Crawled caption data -

**********

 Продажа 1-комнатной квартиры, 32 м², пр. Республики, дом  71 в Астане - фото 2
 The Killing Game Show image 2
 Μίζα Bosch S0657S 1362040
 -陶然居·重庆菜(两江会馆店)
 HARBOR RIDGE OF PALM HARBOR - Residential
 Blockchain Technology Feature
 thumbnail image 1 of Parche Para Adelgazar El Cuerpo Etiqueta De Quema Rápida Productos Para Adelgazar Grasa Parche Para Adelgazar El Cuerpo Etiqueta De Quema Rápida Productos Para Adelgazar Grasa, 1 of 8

**********

What the task requires - Once more, write all of the records exactly as given.

Solution for this task -
 Продажа 1-комнатной квартиры, 32 м², пр. Республики, дом  71 в Астане - фото 2
 The Killing Game Show image 2
 Μίζα Bosch S0657S 1362040
 -陶然居·重庆菜(两江会馆店)
 HARBOR RIDGE OF PALM HARBOR - Residential
 Blockchain Technology Feature
 thumbnail image 1 of Parche Para Adelgazar El Cuerpo Etiqueta De Quema Rápida Productos Para Adelgazar Grasa Parche Para Adelgazar El Cuerpo Etiqueta De Quema Rápida Productos Para Adelgazar Grasa, 1 of 8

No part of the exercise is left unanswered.